*WHAT YOU HAVE TO DO*
Set down exactly the lines below between the line holding "The Only Thing" and the line holding "and Keynote iWork", inclusive; no other line belongs in the answer.
*** MATERIAL PROVIDED ***
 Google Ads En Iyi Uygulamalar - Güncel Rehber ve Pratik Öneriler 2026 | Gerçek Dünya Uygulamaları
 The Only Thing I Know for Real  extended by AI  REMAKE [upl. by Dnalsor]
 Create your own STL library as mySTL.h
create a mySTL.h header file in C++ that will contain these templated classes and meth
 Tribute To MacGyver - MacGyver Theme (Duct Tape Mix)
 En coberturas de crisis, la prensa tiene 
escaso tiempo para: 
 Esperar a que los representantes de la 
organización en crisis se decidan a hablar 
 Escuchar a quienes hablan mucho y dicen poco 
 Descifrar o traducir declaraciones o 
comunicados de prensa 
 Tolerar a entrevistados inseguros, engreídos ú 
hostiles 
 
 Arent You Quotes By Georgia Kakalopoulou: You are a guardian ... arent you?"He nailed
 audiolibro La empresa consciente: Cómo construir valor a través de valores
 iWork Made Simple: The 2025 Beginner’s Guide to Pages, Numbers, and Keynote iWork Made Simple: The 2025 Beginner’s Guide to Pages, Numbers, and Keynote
***
*** MATERIAL PROVIDED ***
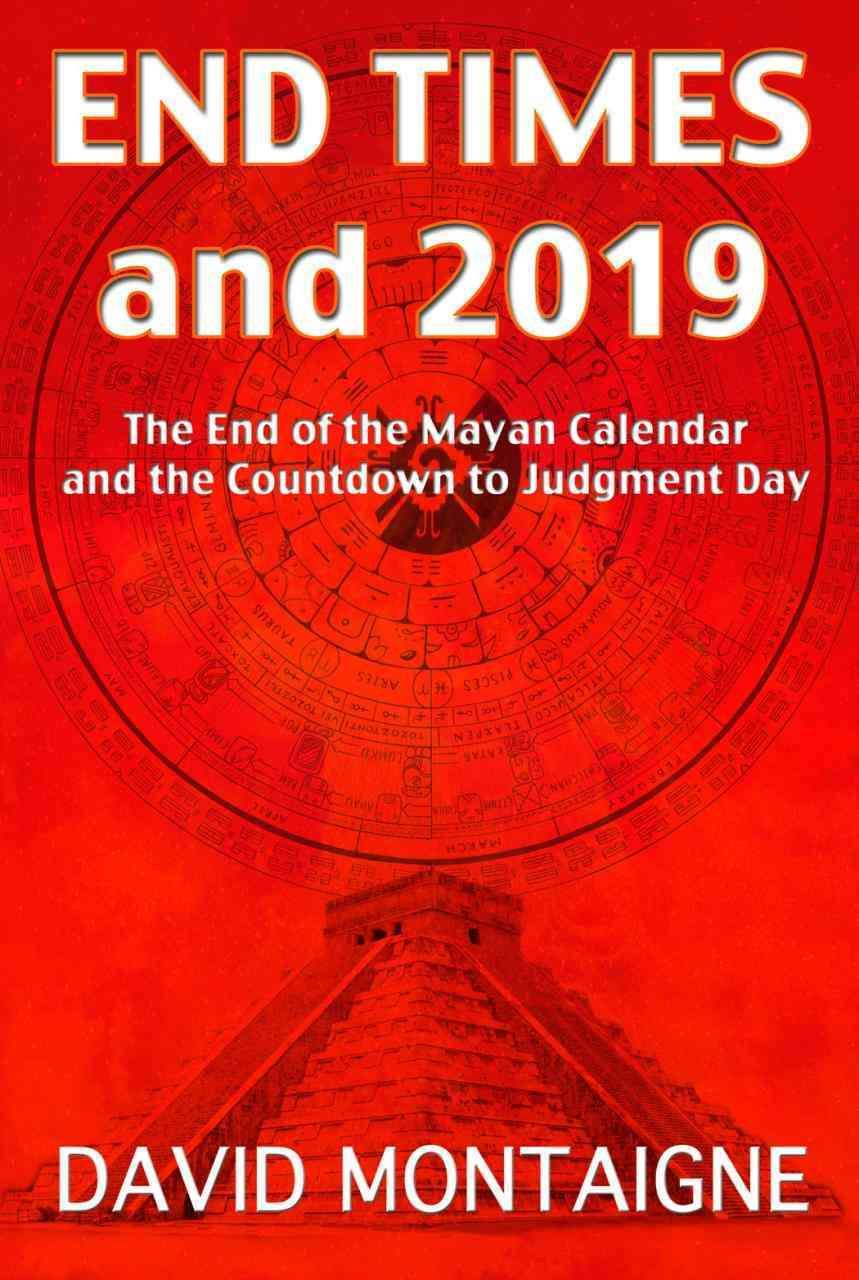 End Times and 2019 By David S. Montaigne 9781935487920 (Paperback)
***
*RESULT FOR THIS TASK*
 The Only Thing I Know for Real  extended by AI  REMAKE [upl. by Dnalsor]
 Create your own STL library as mySTL.h
create a mySTL.h header file in C++ that will contain these templated classes and meth
 Tribute To MacGyver - MacGyver Theme (Duct Tape Mix)
 En coberturas de crisis, la prensa tiene 
escaso tiempo para: 
 Esperar a que los representantes de la 
organización en crisis se decidan a hablar 
 Escuchar a quienes hablan mucho y dicen poco 
 Descifrar o traducir declaraciones o 
comunicados de prensa 
 Tolerar a entrevistados inseguros, engreídos ú 
hostiles 
 
 Arent You Quotes By Georgia Kakalopoulou: You are a guardian ... arent you?"He nailed
 audiolibro La empresa consciente: Cómo construir valor a través de valores
 iWork Made Simple: The 2025 Beginner’s Guide to Pages, Numbers, and Keynote iWork Made Simple: The 2025 Beginner’s Guide to Pages, Numbers, and Keynote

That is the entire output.